Granola bars and small hard or chewable candies. Keep them in your survival kit for the bursts of energy they provide.

For day hikes: Trail mix, dried fruits, and other roughage. These contain fiber, nutrients, and carbohydrates. Snack on them as you go.

For longer trips: Plan for more elaborate meals that include a variety of foods. Consider the weather, distance traveled, available cooking gear and water, and dietary needs when choosing among canned, dried, freeze-dried, and preserved foods.

Canned foods are ready to eat and do not need fire or water, but add a lot of weight to a backpack.

Dried foods are much lighter but require plenty of water to reconstitute them—water that must be carried in or purified on-site. (Eating dried foods before they soak long enough will steal water from a person’s intestinal tract and possibly cause a dangerous blockage.) Freeze-dried foods retain their texture. These foods are lightweight and satisfying but must be soaked before cooking.

Small cans or bags of preserved fish or meat provide necessary protein with- out adding a lot of weight to a backpack, but digestion requires extra water.

Rice and beans, and other legumes are satisfying and rich in carbohydrates. They may require a little experimentation to cook properly on a camp stove.

Beverage powders have relatively little nutrition, yet drinks such as tea, cocoa, and coffee give warmth and comfort. Starting your day with a hot cup of coffee or tea can provide a psychological boost, suggesting your situation isn’t as bad as it seems. Powdered drink mixes also are handy if you are forced to collect water from pulverized vegetable matter or a brackish stream, or if you treat it with iodine. Purifying your water will kill germs but may not do anything for an unpleasant taste. Sprinkling a powdered flavoring on the water may help you keep it down. That’s an important consideration, as vomiting causes severe water loss.

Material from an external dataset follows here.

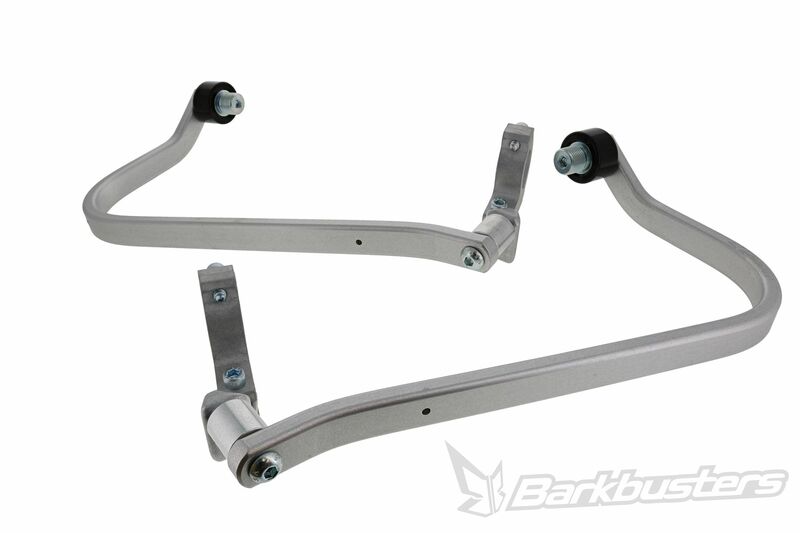 Honda Nt 1100 Dct [BARKBUSTERS] - Hardware Kit two-point attachment aluminum Honda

End your day by eating protein or fat before going to bed. Digestion will help keep you warm throughout the night.

Foods found in the wild are either plants or animals. Both provide necessary nutrients in varying amounts. Though an ounce of meat has more nourishment than an ounce of vegetable matter, it usually is harder to obtain. Plants don’t run away as you try to collect them.

Plants are good sources of carbohydrates, which the body burns for energy. Nuts and seeds help balance the diet by providing proteins and fats, while plant foods containing sugars have calories for supplemental energy. Many plants can be kept from spoilage by drying through exposure to sunlight, fire, or air.

Young plant shoots are softer and more nourishing than old ones, as are young leaves. Leaves should not be boiled too long or they will lose their vitamins.
Obtaining meat requires skills to capture animals. An immediate need for protein can be satisfied by gathering easy-to-capture, abundant animals such as insects, crustaceans, snakes, and fish, whereas snares or weapons are needed to bring in larger animals. Beware the relatively high-energy expenditure of hunting.

Animal flesh should be cooked to kill microorganisms. However, in an emergency situation where fire for water purification is unavailable, the survivalist may choose to deal with an immediate hunger and thirst, and get treatment later for any resulting diseases.

The Army Survival Manual notes, “You can, with relatively few exceptions, eat anything that crawls, swims, walks, or flies.” A crucial step is overcoming the aversion to unusual foods.